CUT TO: EXT. DAY. A residential suburban street in Washington DC.

Space Expert:
Right now, the Soviets have a very dynamic program, a well thought-out program, and indeed the United States is foundering in a whole mess of technical and leadership problems. The idea of what we’re trying to do is to let the public know that, yes, the Soviets have something and it’s up there, and they should be aware of that, and the American program is in trouble.

- WJLA Local Evening News, 30th April 1975[1]

++++++++++++++++++++​

The long-discussed Multi-module Cosmic Base Station (MKBS) could trace its lineage all the way back to the Orbital Station (OS) concept proposed by Korolev in 1960 as a military base in space. This later evolved into the MKBS, which was to form the centrepiece of an expansive Multi-module Orbital Complex (MOK), a constellation of military satellite systems serviced on orbit by human crews operating out of the MKBS. Despite much of this military role being assigned to first Chelomei then Glushko under the Almaz project, the MKBS had remained on TsKBEM’s books as an authorised project, waiting for the N-1 launch vehicle that would make it possible. With Groza reaching something like routine operations, and conscious of the success of the competing Almaz space stations, in mid-1973 Mishin had ordered an acceleration of efforts to put the first MKBS station into orbit.

The starting point for Mishin’s initial MKBS station was the OS-1 design that had reached the mock-up stage in 1969. Using one of these mock-ups as the basis of a pressure hull, the design was modified to use solar panels rather than the originally planned nuclear reactor, which was not expected to be ready for flight until 1978 at the earliest. Systems adapted from Soyuz or borrowed from Almaz were used to fit out the station, with the Soyuz 7K-OKS variant providing crew transfer services. Although the longer term plan was to support crews of six-to-nine cosmonauts and resupply with a new, automated Soyuz derived cargo ship, this first station would host a single docking port, with the bulk of the supplies needed to support up to five missions of three cosmonauts being launched with the station. This was made possible by the increased size and launch mass of the station, as well as the shortage of scientific experiments available to fill the hull at short notice.

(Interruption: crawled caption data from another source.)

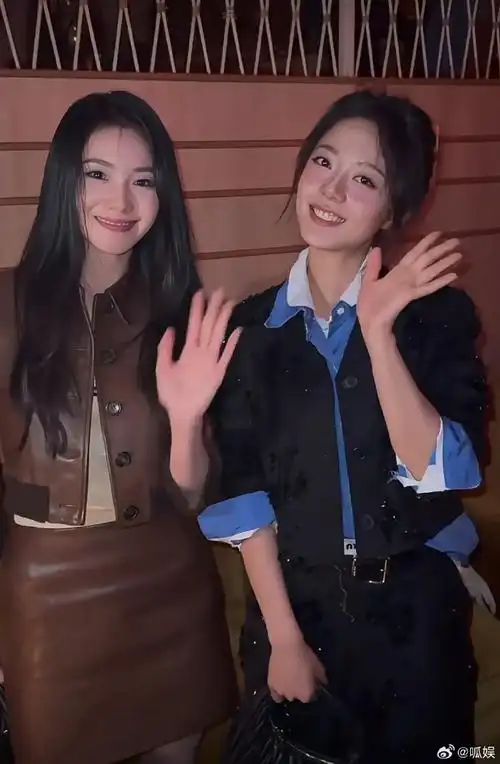 赵今麦 刘浩存无间隔真同框 谁赢了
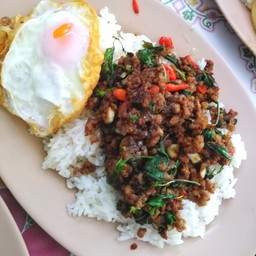 ข้าวราดผัดกะเพรา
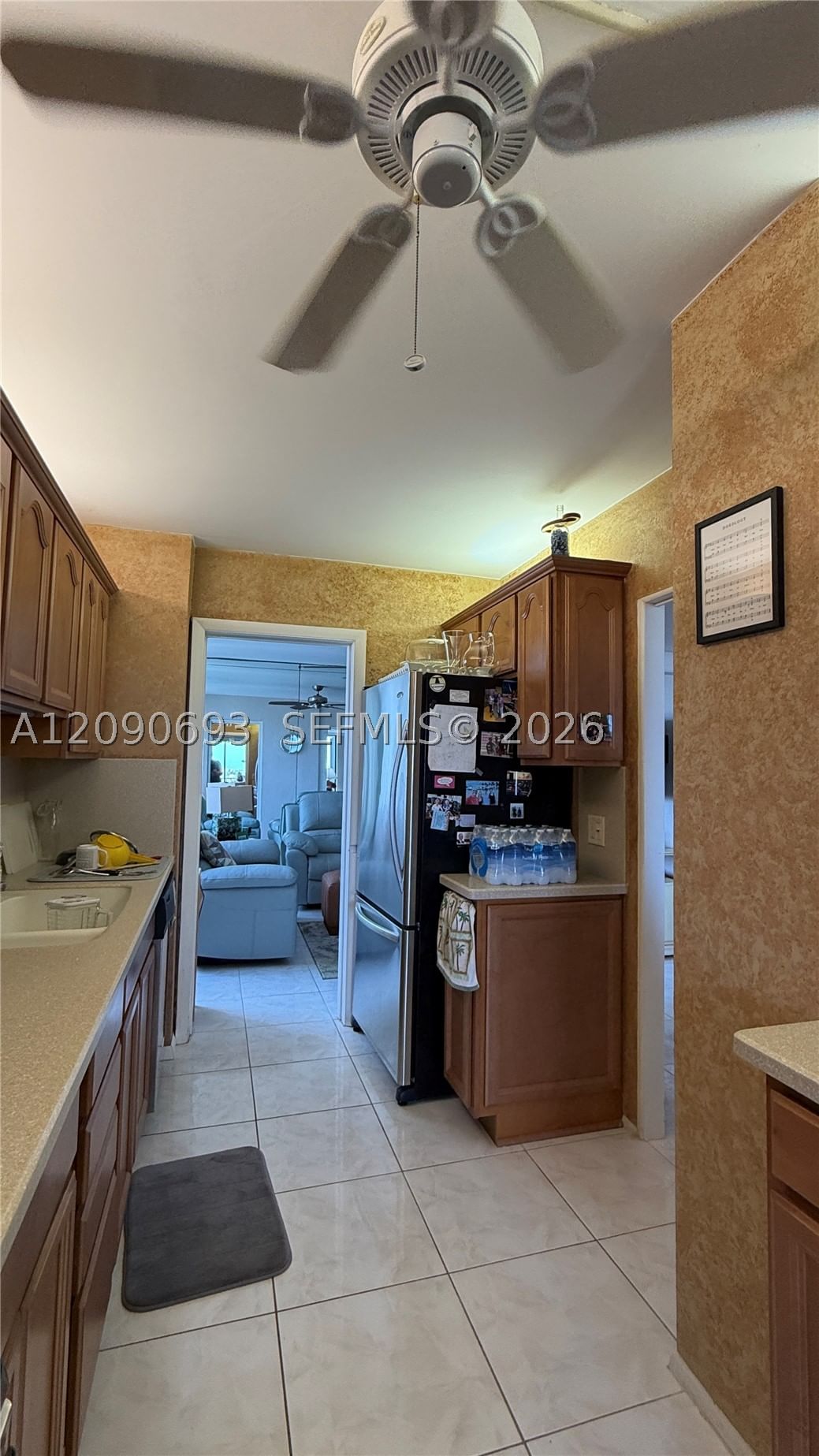 Real estate property located at 1401 Ocean Blvd #1001, Broward, Emerald Tower Condo, Pompano Beach, FL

By the middle of 1974, the MKBS No.1 design had been frozen and assembly was well underway. With an empty mass of 55 tonnes, the 21m long station was composed of a series of compartments, comparable in many ways to the Almaz station. At the rear was a 1.7m long Propulsion Compartment, containing engines for orbit maintenance and attitude control. This was attached to the main Working Compartment, a cylinder 8.6m long and 5.3m wide, which housed propellant, life support systems and consumables, plus scientific equipment. This transitioned down to the Habitation Compartment, 2.75m wide and 10.2m long. As the name suggests, this compartment housed crew facilities for three cosmonauts, as well as the flight control consoles. Four large solar arrays were mounted on the exterior of the Habitation Compartment, supplying up to 10kW of electrical power to the station. Finally, there was a small Transfer Compartment, mounting the SSVP port and Igla antennas that would be used to dock visiting Soyuz ferries.

Mishin was gearing up for a launch of MKBS-1 in mid 1975, but his plans for larger, modular follow-on stations were dashed in September 1974 when a joint decree of the Central Committee and the Council of Ministers commanded the merger of the MKBS programme with the Almaz Phase 2 project, with overall responsibility for Soviet space stations transferred to Glushko’s NPO Energomash. Mishin would be permitted to launch his first station as a demonstration and propaganda tool, but follow-on stations would be built by Glushko.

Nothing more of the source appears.